One candidate circuit mediating these effects involves connections between external tufted (ET) cells, inhibitory periglomerular interneurons and MT cells. ET cells are excitatory interneurons receiving strong ORN input and directly exciting periglomerular interneurons within the same glomerulus (Hayar et al., 2004b
). ET cells show entrainment of spike bursts to rhythmic ORN inputs (Hayar et al., 2004a
). Thus, an increase in ET cell burst frequency as sniff frequency increases is predicted to cause stronger and more synchronous activation of periglomerular interneurons, leading in turn to a shortened MT cell response as sniff frequency increases and enhanced respiratory modulation at higher sniff frequencies (Wachowiak and Shipley, 2006
). The results observed here support these predictions. Alternatively, temporal sharpening might be mediated by recurrent inhibition between MT and granule cells. Recurrent inhibition can enhance the temporal precision of MT cell firing in the face of rhythmic ORN inputs (Balu et al., 2004
; Schoppa, 2006
); (David et al., 2007
), and there is evidence that recurrent inhibition is stronger at higher sniff frequencies (Young and Wilson, 1999
). In either case, ORN inputs that are more synchronous would lead to faster activation of MT cells and also to stronger recruitment of the feedforward or recurrent inhibitory circuits that shorten the MT cell response, consistent with the correlation we measured between response rise-time, duration, and the degree of frequency-dependent temporal patterning (e.g., and ). One set of predictions that follow from this model is that the rise-time of ORN inputs to a glomerulus should correlate with that of MT cells innervating the same glomerulus, and that glomeruli receiving faster ORN inputs should show stronger modulation of MT cell responses at high sniff frequencies. These predictions need to be tested by comparing ORN inputs to and MT cell responses for the same glomerulus.

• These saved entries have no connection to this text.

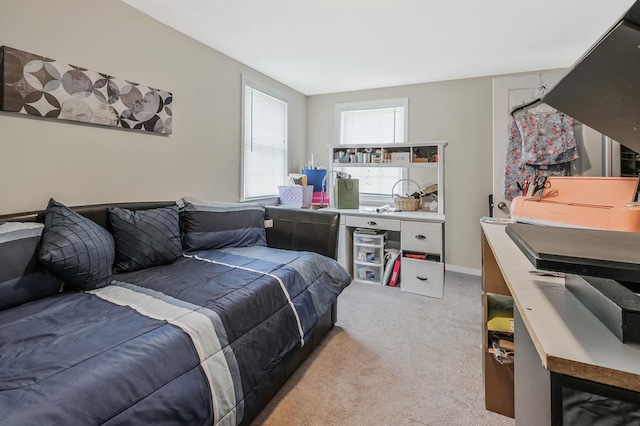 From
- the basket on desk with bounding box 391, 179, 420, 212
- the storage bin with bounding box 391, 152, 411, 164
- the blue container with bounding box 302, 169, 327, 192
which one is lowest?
the basket on desk with bounding box 391, 179, 420, 212

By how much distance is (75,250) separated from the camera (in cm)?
145

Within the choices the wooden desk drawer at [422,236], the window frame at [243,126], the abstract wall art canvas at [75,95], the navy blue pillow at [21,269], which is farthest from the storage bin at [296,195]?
the navy blue pillow at [21,269]

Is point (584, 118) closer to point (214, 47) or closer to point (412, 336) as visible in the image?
point (412, 336)

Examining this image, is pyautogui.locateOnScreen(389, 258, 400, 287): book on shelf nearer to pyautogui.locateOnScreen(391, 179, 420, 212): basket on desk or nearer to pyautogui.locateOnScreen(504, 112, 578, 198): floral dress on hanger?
pyautogui.locateOnScreen(391, 179, 420, 212): basket on desk

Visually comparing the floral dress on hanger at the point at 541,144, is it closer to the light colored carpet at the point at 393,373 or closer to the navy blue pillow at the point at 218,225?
the light colored carpet at the point at 393,373

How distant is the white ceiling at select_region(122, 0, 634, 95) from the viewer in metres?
2.11

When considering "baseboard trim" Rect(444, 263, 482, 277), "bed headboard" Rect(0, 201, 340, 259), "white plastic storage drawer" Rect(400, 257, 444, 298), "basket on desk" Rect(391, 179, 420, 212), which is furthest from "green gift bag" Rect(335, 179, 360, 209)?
"baseboard trim" Rect(444, 263, 482, 277)

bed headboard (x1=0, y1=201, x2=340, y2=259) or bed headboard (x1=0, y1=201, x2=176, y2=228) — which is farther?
bed headboard (x1=0, y1=201, x2=340, y2=259)

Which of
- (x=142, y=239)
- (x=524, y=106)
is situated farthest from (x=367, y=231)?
(x=142, y=239)

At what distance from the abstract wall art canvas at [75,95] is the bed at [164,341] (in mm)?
586

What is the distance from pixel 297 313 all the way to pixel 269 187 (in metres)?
2.23

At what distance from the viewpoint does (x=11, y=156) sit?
1646mm

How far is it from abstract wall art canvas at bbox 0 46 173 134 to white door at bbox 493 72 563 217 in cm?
280

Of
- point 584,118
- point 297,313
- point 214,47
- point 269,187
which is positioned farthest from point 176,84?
point 584,118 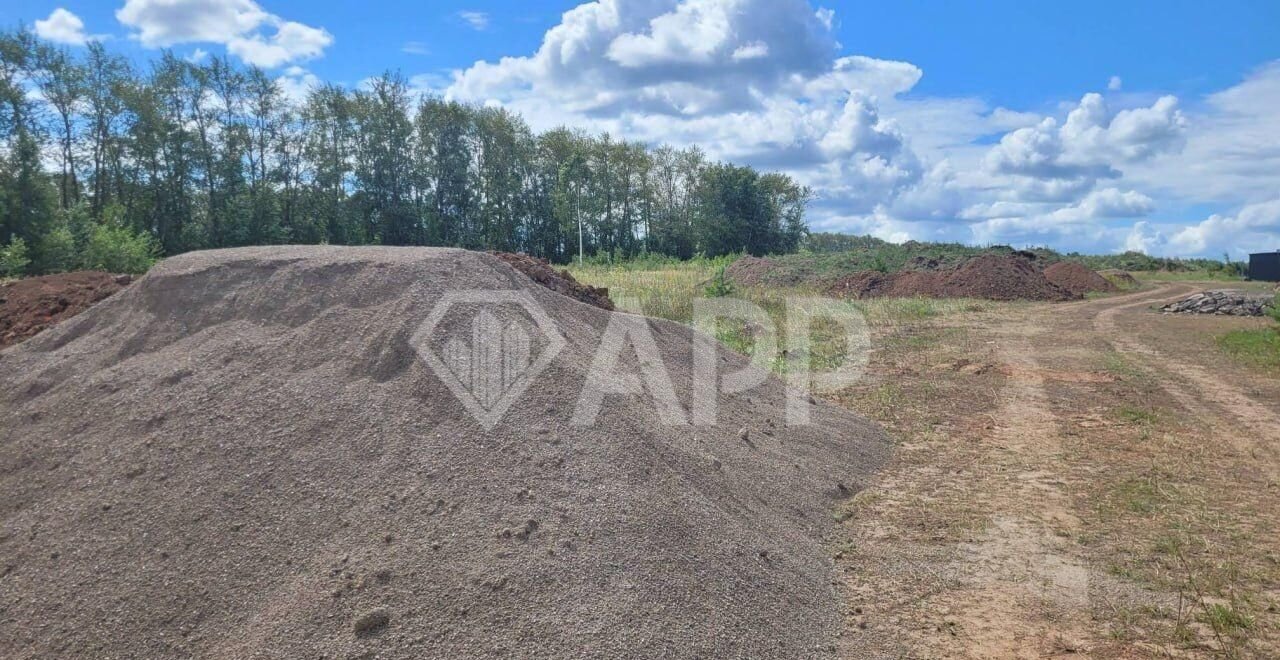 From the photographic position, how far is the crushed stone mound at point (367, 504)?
2.93 meters

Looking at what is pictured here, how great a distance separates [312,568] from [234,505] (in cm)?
64

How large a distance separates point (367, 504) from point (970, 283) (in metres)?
20.3

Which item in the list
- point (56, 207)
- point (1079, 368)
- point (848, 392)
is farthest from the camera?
point (56, 207)

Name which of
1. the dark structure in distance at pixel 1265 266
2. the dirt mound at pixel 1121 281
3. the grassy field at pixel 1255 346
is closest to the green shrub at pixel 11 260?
the grassy field at pixel 1255 346

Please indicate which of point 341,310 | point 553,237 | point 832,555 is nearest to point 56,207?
point 341,310

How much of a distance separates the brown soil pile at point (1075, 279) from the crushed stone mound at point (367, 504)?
21001 mm

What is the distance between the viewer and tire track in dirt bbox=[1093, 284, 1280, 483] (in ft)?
20.9

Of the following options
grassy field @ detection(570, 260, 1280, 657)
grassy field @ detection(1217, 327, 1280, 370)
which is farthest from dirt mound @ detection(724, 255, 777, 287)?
grassy field @ detection(570, 260, 1280, 657)

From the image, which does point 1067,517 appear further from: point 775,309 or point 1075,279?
point 1075,279

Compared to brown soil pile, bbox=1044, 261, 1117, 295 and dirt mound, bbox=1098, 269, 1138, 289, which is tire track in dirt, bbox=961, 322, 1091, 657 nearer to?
brown soil pile, bbox=1044, 261, 1117, 295

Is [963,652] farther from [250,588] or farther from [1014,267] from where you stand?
[1014,267]

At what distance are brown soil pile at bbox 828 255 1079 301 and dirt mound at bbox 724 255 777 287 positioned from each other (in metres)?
2.67

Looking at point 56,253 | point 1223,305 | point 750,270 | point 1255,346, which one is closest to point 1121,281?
point 1223,305

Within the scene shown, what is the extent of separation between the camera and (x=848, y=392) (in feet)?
28.0
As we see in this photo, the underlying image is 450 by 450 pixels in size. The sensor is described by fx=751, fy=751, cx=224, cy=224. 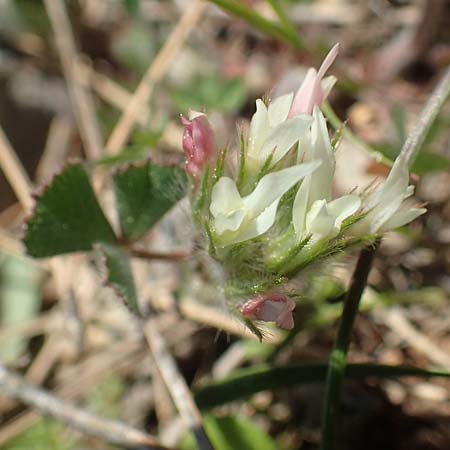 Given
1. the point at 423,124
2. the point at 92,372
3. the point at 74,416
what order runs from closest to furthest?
the point at 423,124, the point at 74,416, the point at 92,372

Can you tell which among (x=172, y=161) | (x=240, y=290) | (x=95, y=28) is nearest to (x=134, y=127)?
(x=95, y=28)

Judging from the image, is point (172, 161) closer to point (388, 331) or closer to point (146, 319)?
point (146, 319)

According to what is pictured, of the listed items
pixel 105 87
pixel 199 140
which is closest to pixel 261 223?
pixel 199 140

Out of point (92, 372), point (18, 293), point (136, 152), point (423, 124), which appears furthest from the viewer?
point (18, 293)

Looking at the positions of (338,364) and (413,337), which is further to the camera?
(413,337)

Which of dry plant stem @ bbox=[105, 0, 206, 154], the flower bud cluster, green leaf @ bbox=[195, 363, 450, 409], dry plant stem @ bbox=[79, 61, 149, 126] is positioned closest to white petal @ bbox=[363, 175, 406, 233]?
the flower bud cluster

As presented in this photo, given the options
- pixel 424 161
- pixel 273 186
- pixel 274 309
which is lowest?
pixel 424 161

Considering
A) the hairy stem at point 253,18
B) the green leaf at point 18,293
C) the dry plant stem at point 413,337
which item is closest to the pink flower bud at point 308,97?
the hairy stem at point 253,18

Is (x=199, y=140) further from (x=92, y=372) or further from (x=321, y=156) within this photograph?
(x=92, y=372) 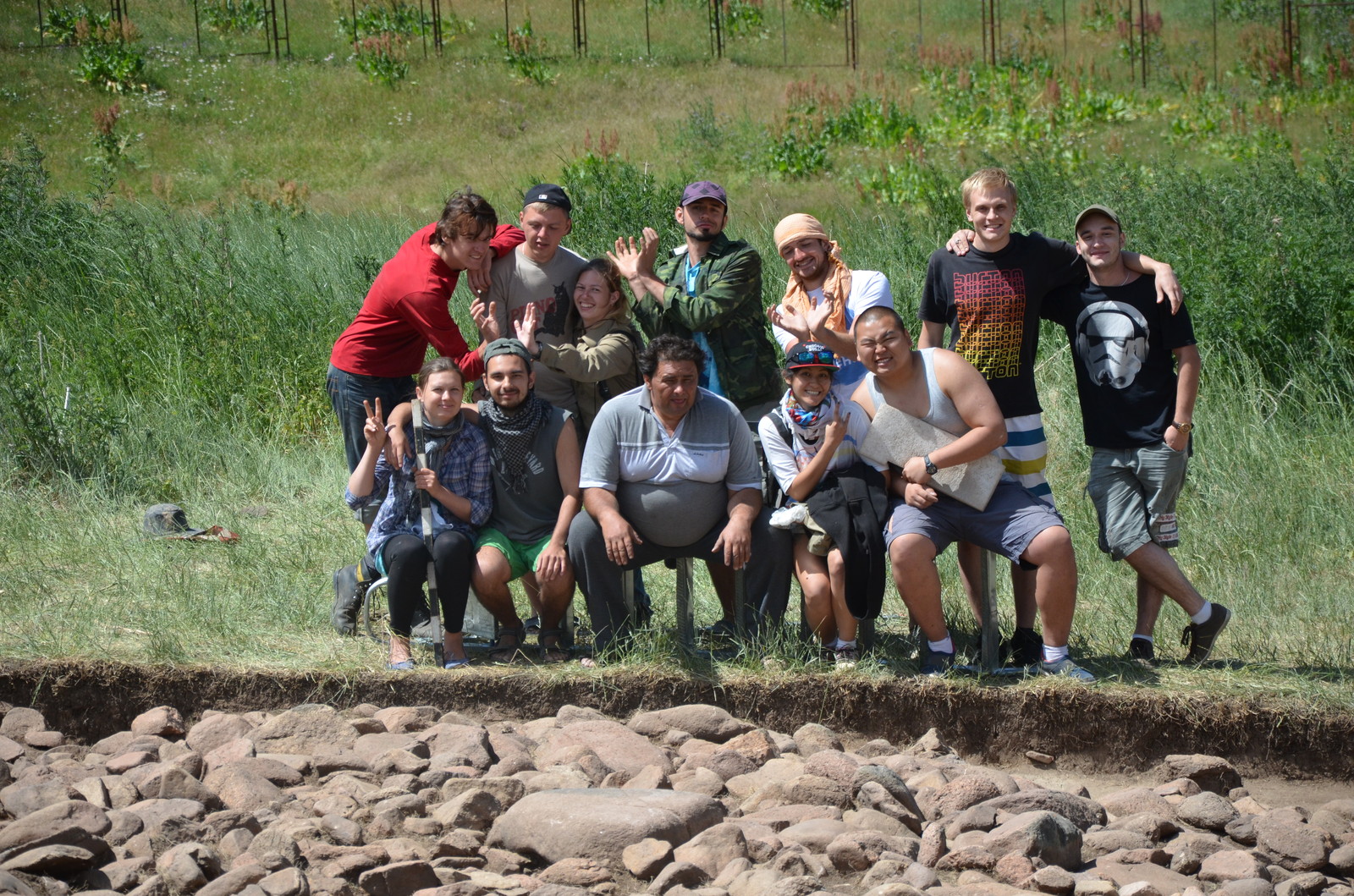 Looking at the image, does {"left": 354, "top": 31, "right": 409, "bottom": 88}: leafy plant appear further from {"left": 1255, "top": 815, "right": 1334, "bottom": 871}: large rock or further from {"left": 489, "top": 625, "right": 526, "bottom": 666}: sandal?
{"left": 1255, "top": 815, "right": 1334, "bottom": 871}: large rock

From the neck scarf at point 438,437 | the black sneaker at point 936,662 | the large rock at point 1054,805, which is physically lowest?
the large rock at point 1054,805

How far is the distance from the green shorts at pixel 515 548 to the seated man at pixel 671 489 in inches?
7.8

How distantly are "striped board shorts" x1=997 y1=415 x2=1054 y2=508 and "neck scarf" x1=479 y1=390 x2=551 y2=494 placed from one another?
1879 mm

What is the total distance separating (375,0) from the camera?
86.6ft

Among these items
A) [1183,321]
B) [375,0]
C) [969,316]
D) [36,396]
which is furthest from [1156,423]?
[375,0]

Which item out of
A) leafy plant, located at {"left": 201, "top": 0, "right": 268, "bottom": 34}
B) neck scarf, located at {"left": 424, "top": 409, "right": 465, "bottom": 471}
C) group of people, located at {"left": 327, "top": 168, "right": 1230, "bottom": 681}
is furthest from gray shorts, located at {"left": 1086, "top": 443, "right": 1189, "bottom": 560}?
leafy plant, located at {"left": 201, "top": 0, "right": 268, "bottom": 34}

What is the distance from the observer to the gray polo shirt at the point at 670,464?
200 inches

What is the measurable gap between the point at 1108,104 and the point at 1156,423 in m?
15.5

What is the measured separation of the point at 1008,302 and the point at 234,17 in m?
24.4

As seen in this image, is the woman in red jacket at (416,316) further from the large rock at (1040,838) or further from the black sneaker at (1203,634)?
the black sneaker at (1203,634)

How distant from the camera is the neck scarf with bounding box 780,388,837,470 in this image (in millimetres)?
4980

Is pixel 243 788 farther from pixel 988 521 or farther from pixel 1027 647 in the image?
pixel 1027 647

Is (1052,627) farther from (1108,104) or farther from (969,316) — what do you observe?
(1108,104)

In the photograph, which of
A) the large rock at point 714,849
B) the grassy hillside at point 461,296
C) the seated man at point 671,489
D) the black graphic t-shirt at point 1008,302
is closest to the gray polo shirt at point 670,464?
the seated man at point 671,489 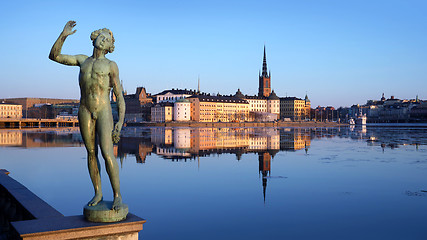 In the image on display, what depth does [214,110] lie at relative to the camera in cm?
19088

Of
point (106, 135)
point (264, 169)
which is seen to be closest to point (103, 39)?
point (106, 135)

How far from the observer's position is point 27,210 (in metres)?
7.07

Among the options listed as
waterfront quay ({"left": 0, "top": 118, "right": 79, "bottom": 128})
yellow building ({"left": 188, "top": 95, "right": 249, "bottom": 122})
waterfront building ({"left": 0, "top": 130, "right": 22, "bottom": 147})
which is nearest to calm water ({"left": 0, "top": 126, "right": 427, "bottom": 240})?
waterfront building ({"left": 0, "top": 130, "right": 22, "bottom": 147})

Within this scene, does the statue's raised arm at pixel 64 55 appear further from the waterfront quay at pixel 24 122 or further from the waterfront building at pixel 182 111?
the waterfront building at pixel 182 111

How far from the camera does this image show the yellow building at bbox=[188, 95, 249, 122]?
185 meters

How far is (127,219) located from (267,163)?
16274 millimetres

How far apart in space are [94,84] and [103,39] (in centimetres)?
73

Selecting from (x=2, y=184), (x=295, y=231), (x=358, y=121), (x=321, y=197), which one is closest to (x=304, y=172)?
(x=321, y=197)

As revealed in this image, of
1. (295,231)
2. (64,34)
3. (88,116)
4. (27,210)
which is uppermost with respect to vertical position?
(64,34)

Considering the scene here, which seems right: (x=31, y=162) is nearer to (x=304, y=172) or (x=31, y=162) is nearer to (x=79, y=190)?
(x=79, y=190)

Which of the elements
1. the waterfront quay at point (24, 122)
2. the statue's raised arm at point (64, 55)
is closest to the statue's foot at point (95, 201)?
the statue's raised arm at point (64, 55)

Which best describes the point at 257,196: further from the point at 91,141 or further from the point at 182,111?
the point at 182,111

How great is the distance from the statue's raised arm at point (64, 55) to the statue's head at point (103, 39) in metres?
0.29

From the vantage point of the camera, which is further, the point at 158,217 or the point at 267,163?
the point at 267,163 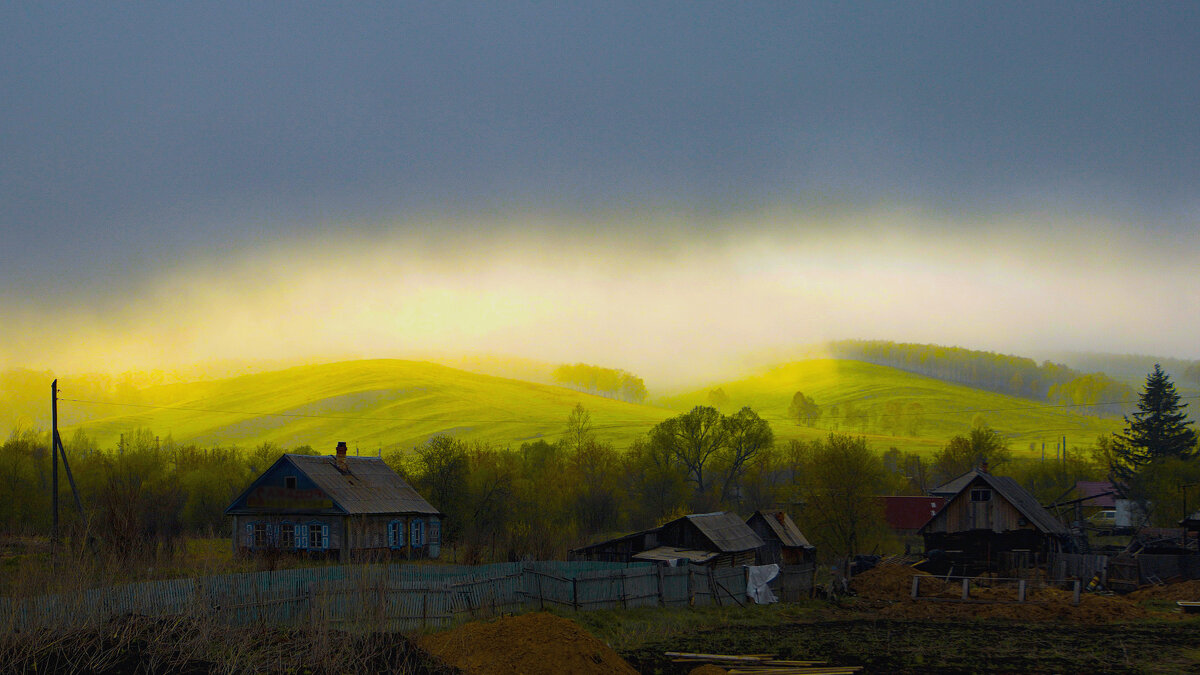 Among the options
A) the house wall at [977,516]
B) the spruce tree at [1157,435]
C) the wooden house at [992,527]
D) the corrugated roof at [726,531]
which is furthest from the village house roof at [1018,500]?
the spruce tree at [1157,435]

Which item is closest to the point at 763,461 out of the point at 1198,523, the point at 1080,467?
the point at 1080,467

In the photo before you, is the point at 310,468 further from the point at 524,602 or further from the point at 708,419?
the point at 708,419

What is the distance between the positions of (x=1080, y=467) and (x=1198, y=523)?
61435 mm

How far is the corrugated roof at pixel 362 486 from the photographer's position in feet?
181

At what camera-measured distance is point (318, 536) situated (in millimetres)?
54844

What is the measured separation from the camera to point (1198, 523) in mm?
52812

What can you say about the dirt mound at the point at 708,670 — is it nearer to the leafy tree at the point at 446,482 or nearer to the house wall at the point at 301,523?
the house wall at the point at 301,523

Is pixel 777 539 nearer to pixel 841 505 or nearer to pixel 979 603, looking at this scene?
pixel 841 505

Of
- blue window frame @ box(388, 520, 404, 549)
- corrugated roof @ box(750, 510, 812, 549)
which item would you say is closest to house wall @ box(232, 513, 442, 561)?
blue window frame @ box(388, 520, 404, 549)

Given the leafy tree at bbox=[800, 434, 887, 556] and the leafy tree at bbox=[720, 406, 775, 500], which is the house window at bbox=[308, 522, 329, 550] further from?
the leafy tree at bbox=[720, 406, 775, 500]

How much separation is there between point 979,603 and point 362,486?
3385 centimetres

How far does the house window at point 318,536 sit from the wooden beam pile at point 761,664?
33625 millimetres

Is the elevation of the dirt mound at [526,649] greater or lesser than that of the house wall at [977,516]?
greater

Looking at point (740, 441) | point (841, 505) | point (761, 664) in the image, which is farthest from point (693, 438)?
point (761, 664) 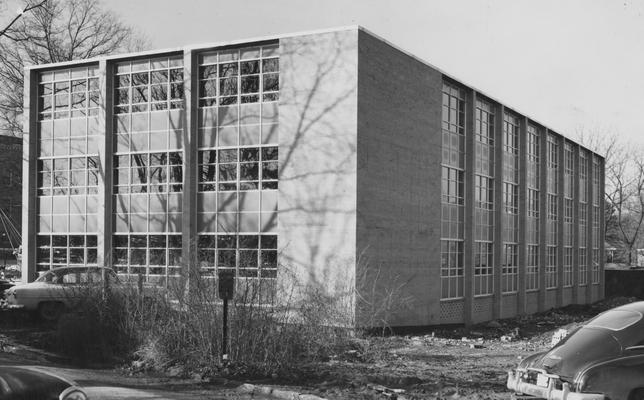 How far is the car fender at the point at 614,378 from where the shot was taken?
344 inches

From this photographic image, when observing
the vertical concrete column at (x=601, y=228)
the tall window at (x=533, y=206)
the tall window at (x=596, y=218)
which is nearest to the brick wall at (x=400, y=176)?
the tall window at (x=533, y=206)

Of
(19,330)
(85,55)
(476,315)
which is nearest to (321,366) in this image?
(19,330)

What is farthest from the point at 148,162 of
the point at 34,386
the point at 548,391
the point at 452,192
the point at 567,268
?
the point at 567,268

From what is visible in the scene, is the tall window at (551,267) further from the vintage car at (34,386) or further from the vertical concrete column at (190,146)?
the vintage car at (34,386)

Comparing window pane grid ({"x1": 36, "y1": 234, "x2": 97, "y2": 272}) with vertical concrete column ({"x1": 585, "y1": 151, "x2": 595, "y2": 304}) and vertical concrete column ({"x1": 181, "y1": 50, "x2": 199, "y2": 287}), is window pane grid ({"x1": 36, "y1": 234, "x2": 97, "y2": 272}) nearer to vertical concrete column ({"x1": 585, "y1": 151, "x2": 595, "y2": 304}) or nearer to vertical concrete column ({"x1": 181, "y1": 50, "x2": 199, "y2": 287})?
vertical concrete column ({"x1": 181, "y1": 50, "x2": 199, "y2": 287})

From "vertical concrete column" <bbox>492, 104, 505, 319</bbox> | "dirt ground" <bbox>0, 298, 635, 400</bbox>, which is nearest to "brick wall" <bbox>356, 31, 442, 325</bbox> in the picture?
"dirt ground" <bbox>0, 298, 635, 400</bbox>

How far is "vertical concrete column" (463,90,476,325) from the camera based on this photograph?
31.2 m

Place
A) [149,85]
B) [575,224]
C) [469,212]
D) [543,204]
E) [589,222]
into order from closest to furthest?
[149,85] < [469,212] < [543,204] < [575,224] < [589,222]

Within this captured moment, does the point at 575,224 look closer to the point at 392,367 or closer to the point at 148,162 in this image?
the point at 148,162

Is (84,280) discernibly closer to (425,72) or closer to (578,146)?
(425,72)

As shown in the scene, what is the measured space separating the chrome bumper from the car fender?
118 millimetres

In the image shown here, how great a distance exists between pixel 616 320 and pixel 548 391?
4.69 feet

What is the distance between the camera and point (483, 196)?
3403cm

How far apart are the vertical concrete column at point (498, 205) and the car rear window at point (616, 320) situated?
2522 cm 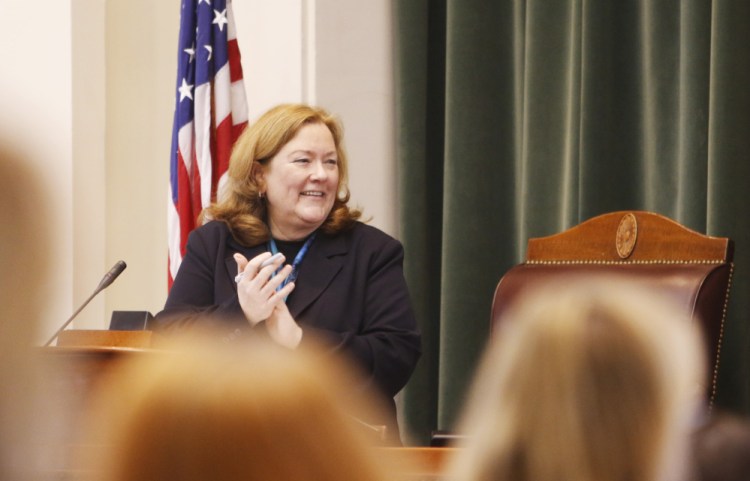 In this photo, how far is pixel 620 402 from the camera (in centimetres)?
72

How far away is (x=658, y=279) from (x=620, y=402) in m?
2.50

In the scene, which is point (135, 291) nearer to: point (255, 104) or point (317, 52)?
point (255, 104)

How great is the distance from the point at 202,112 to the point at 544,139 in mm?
1584

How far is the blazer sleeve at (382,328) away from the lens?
10.8 feet

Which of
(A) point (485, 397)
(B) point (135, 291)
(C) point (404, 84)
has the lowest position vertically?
(B) point (135, 291)

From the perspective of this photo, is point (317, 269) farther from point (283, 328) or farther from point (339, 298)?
point (283, 328)

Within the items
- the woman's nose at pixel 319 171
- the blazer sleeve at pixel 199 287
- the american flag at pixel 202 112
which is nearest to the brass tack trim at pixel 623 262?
the woman's nose at pixel 319 171

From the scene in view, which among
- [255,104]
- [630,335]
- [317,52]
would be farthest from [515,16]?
[630,335]

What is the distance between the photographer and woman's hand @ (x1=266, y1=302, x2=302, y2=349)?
10.3 feet

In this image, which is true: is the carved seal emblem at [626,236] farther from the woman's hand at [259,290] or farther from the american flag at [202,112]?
the american flag at [202,112]

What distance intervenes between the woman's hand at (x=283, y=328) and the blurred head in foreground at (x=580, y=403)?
2.38 meters

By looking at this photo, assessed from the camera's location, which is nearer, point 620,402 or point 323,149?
point 620,402

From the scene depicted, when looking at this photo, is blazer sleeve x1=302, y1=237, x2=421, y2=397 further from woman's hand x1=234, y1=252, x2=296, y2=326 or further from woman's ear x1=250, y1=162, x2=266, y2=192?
woman's ear x1=250, y1=162, x2=266, y2=192

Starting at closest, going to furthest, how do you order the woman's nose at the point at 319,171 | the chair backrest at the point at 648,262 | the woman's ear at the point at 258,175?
the chair backrest at the point at 648,262 < the woman's nose at the point at 319,171 < the woman's ear at the point at 258,175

Odorant sampling in behaving animals is a dynamic but precisely controlled behavior that presumably optimizes the detection and processing of sensory information. How might frequency-dependent attenuation and temporal sharpening of MT spike bursts optimize odor information processing? First, maintaining (and even enhancing) the coherence of MT spiking with sniffing has been shown to enhance the precision of MT spike timing, thus increasing the potential discriminatory power of MT spike trains (Hopfield, 1995
; Schaefer et al., 2006
). Second, temporally-patterned MT spiking appears to be important for information processing downstream of MT cells - for example, the temporal integration of inputs from multiple MT cells by pyramidal neurons in piriform cortex (Luna and Schoppa, 2008
; Stokes and Isaacson, 2010
). Third, frequency-dependent changes in MT response patterns may leave odor identity coding unchanged but enhance the ability of the population to process other aspects of odor information relevant to active sensing. For example, the reduction in MT response magnitude may reduce the salience of odorants that are constant across a high-frequency sniff bout while maintaining sensitivity to newly-encountered odorants (Verhagen et al., 2007
). Finally, high-frequency, temporally-patterned MT bursts may be important in driving synaptic plasticity within the OB or its targets during odor learning. Further electrophysiological experiments combined with behavioral analyses will be important to test these possibilities.